Adding a Little Character to Brand-Management Portfolios

Private equity-backed brand-management groups, such as Bluestar Alliance, Marquee Brands, Authentic Brands Group, WHP Global, and others, have been increasing their footprint in the licensing business for decades, acquiring intellectual properties and adding value through a 100% licensing model. They overwhelmingly focus on fashion brands, but over the years have diversified to include some retail chains, celebrities, and corporate trademarks outside of fashion (in home goods, sporting goods, and publishing, for example).

For the most part, entertainment/character properties have not been part of the mission to date. But there have been a few examples of acquisitions in this space over the years, including one announced just last week:

  • On June 30, Authentic Brands Group announced it was purchasing the Care Bears IP for an undisclosed price. The property has generated U.S. $12 billion in lifetime retail sales and expects to reach U.S. $750 million in 2026, according to ABG. The sellers were the private equity firms Ivest Consumer Partners and Cloverlay, which in 2023 had acquired CloudCo Entertainment. The latter is the modern configuration of American Greetings’ Those Characters from Cleveland, which introduced Care Bears in 1982. The terms of the ABG deal were not made public.
  • Futurity Brands acquired Paul Frank and its characters, including the flagship Julius the Monkey, in 2020. The Swiss brand-management firm also owns Australian surf brand Piping Hot, which it acquired in 2019. Investment firm Saban Capital was the previous owner of Paul Frank, for which Valero Enterprises manages global licensing.
  • Iconix purchased 80% of the Peanuts brand in 2010, along with its then–licensing agency, United Media Licensing, for U.S. $175 million. The Charles Schulz family retained 20% ownership. Iconix’ reign lasted seven years, until, in 2017, the brand-management company sold its stake in the IP to DHX Media (owner of and later rebranded as Wildbrain) for U.S. $345 million. The next year, DHX sold 48% of its share (representing a 39% ownership stake in the IP) to Sony, which at the end of 2025 acquired the remaining 41% share from Wildbrain for U.S. $457 million. The family still retains 20% ownership. Peanuts Worldwide continues to manage the licensing, with its parent organization Peanuts Holdings becoming a subsidiary of Sony.

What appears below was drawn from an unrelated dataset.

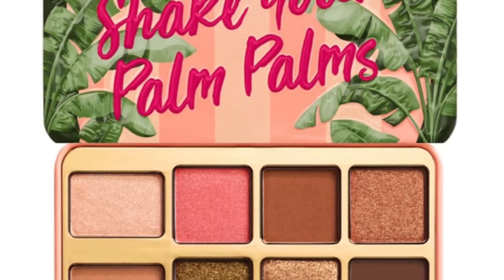There's also another Too Faced mini palette — similar to the Tickled Peach and Sugar Cookie palettes from the holidays. It's called Shake Your Palm Palms and it looks so cute. The shades inside look beautiful, and there's a deep olive shade, which I love because olive makes my eye color pop. If you have green, hazel, or honey-colored eyes, olive shades will really make your eye color pop. No release date yet — it just says coming soon — but it's definitely on my want list.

Marquee Brands also dipped its toes into the entertainment space with the acquisition of America’s Test Kitchen in 2023. But, while this brand is rooted in television, its strategy is pure brand extension, with its clear positioning of culinary expertise making it ripe for logical forays into food and home goods. This strategy is akin to the brand-management companies’ core business model. The traditional entertainment/character programs discussed above, on the other hand, are more of a departure.